All’Università, le prime lezioni di economia politica del Prof. Palomba mi disorientarono. Non riuscivo a trovare il nesso tra l’economia politica e il Libro dei mutamenti, il Taoismo, la Tradizione druidica, la Tradizione ebraica, ecc, ecc. Poi, il titolo del Testo “Morfologia economica” e le lezioni successive mi fecero capire l’importanza di tali argomenti per la comprensione della dottrina economica e della differenza tra economisti e tecnici di settori (come tra il generale ed il particolare). La morfologia economica è importante per costruire giudizi economici, come quella grammaticale è utile per costruire una frase.
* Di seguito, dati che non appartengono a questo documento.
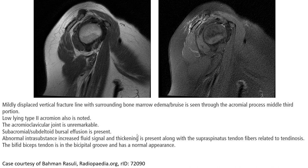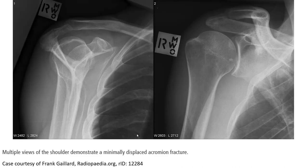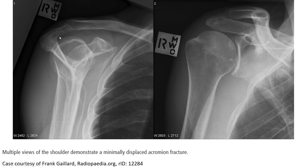The biceps tendon is in the bicipital groove and has a normal appearance. This X-ray, a multi-view of the shoulder, demonstrates a minimally displaced acromial fracture. As you can see very clearly, a fracture line is visualised across the acromial process.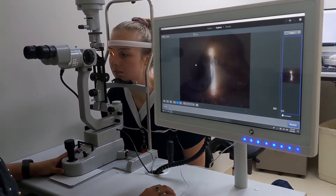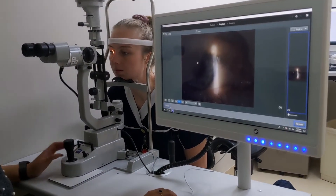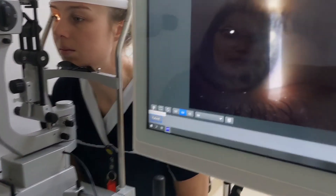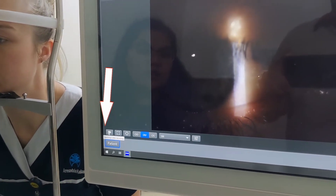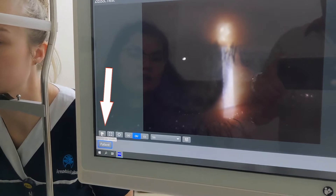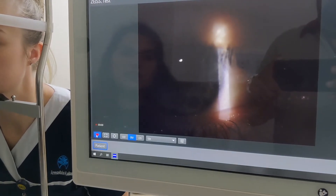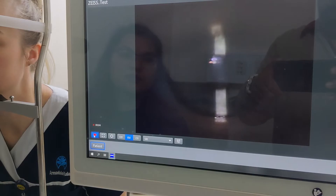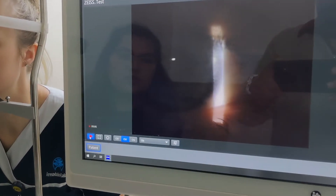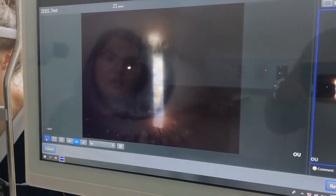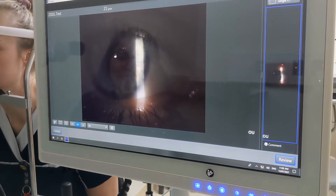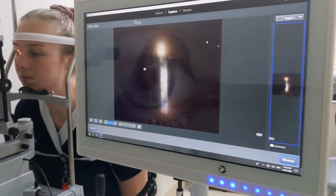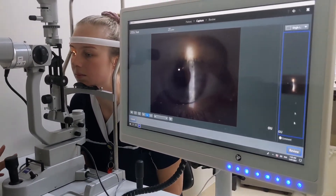You can also capture videos on the slit lamp using this button on the bottom left to start and stop recording. I'll start recording — Kelly, give me a few blinks, good. Press again to stop recording once you've captured what you need.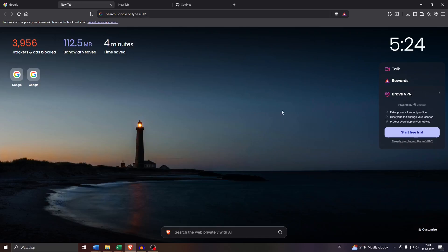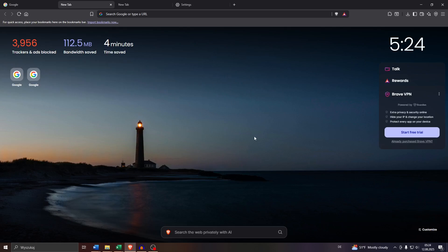Hey guys, welcome back to our channel. In this tech tutorial we're going to show you how we can fix the download failed issue or problem in the Brave browser. It may happen in the Brave application installed on your mobile device, but this issue may also occur sometimes under certain circumstances in the Brave web browser application installed on your desktop computer or laptop.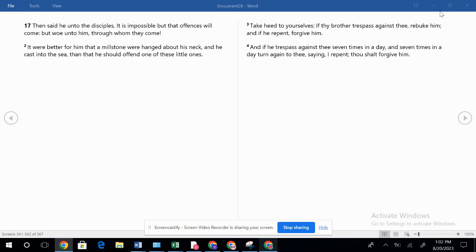Verse three, take heed to yourselves. If thy brother trespass against thee, rebuke him. And if he repent, forgive him. And if he trespass against thee seven times in a day and seven times in a day turn again to thee saying I repent, thou shalt forgive him. We should have forgiving hearts. And the Lord has a forgiving heart with us.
I comportamenti dei popoli e dei loro governanti sono influenzati dalle loro culture. La storia economica dimostra che anche le Religioni e le Filosofie hanno avuto e hanno un ruolo importante nell’orientare i comportamenti dei popoli e le relazioni internazionali. L’esempio più illuminante è il seguente: per la Religione Cristiana e per quella mussulmana, il prestito era considerato peccato, mentre gli ebrei non avevano questo tipo di remora religiosa.Perciò, i primi banchieri erano ebrei, cosa che influenzò la formazione di un orientamento non positivo nei loro confronti, che dura a morire.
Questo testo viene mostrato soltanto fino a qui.